A mentor had suggested that the personable Staub, who also sings and plays guitar, might be good at selling houses. After all, he had good people skills and even something of a pedigree: one of his grandfathers had been a real estate developer in Atlanta. (Although Staub says the ups and downs of his grandfather's career were a reality check for him.)
Five years later, it looks like Staub made a smart move, having helped 150 customers buy or sell houses here since moving to Chattanooga. All together, he has been the lead agent on over $30 million in real estate sales, and recently started a real estate team called Ferro & Staub, with his partner Guy Ferro.
Since he was not a native of Chattanooga, or even familiar with the city, his early years in real estate were tough, he says.
"I remember the first time I went out, somebody wanted to see a house in Hixson," Staub recalls. "I didn't even know where Hixson was."
This newcomer's awkwardness forced Staub to make a strategic decision that would change the course of his early work. He decided to pick a part of town — in his case Highland Park — and to become immersed in the minutia of neighborhood.
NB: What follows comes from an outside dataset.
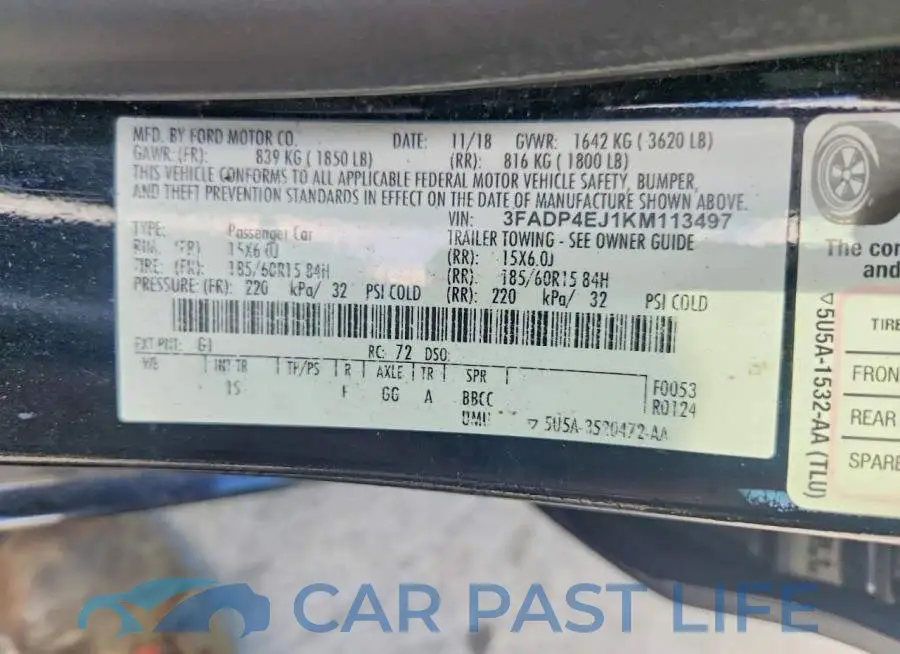 3FADP4EJ1KM113497# 13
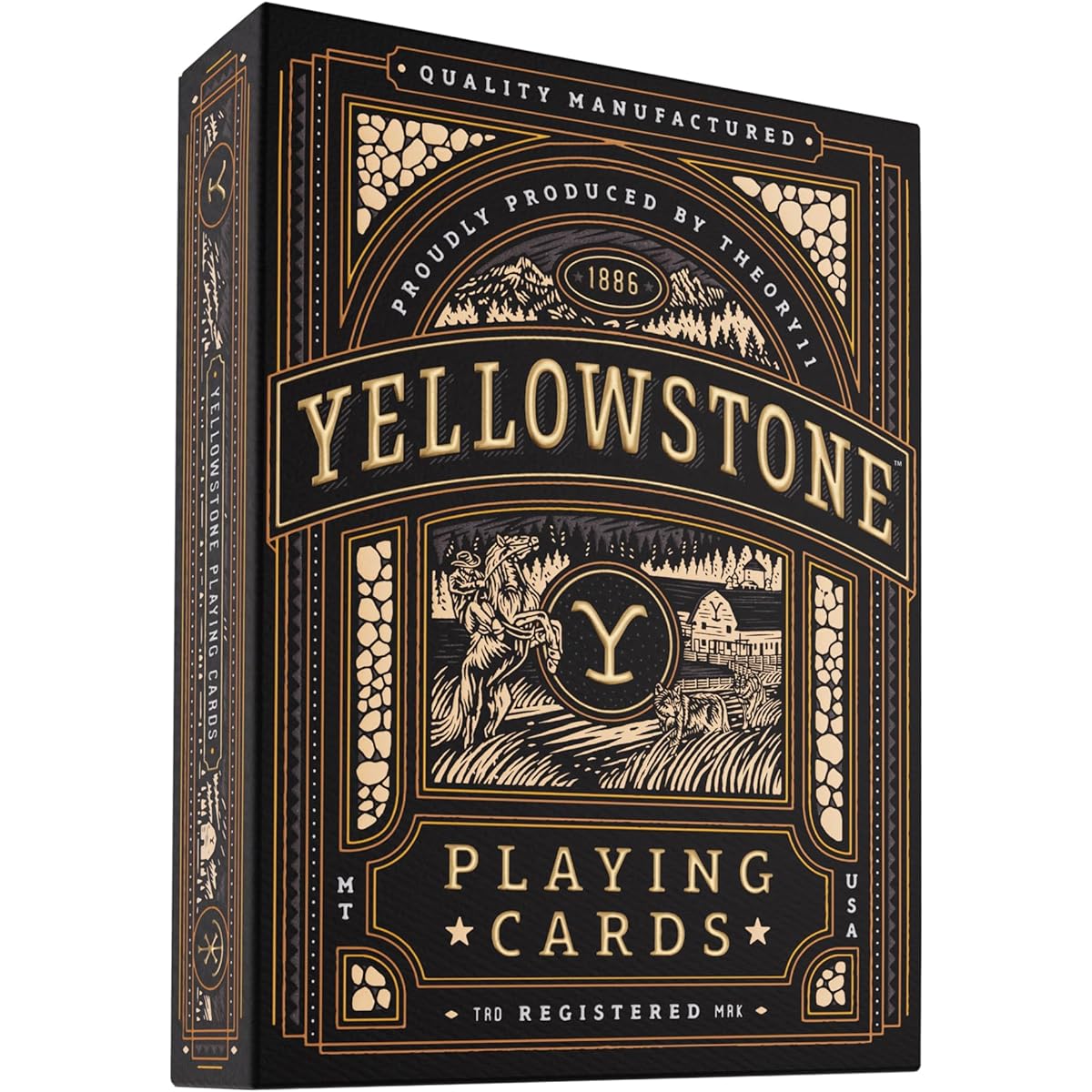 theory11 Yellowstone Premium Playing Cards Poker Size Standard Index Luxury Playing Cards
He even went door-to-door introducing himself to residents.
Becoming an expert on a transitional neighborhood such as Highland Park also meant he could concentrate on cultivating a customer base of millennials — people in his age group — who were shopping for first or second homes inside the city limits of Chattanooga. Being a specialist also fit with his sense of prioritizing service over pure sales volume.
"I never wanted to sell people something they didn't need," he says. "I didn't want to convince them to buy on credit something they couldn't afford."
In the beginning, Staub says he benefited from having a close mentor, one of the city's leading Realtors, Todd Henon, of Todd Henon Properties. Then, about 18 month ago, Staub decided he was ready to form his own team.
Today, Staub says he and Ferro are well-positioned to thrive in Chattanooga's white-hot, mid-priced home market. A convergence of demographic and economic trends have made this a seller's market for existing homes, he says, with some sub-$300,000 properties selling almost overnight.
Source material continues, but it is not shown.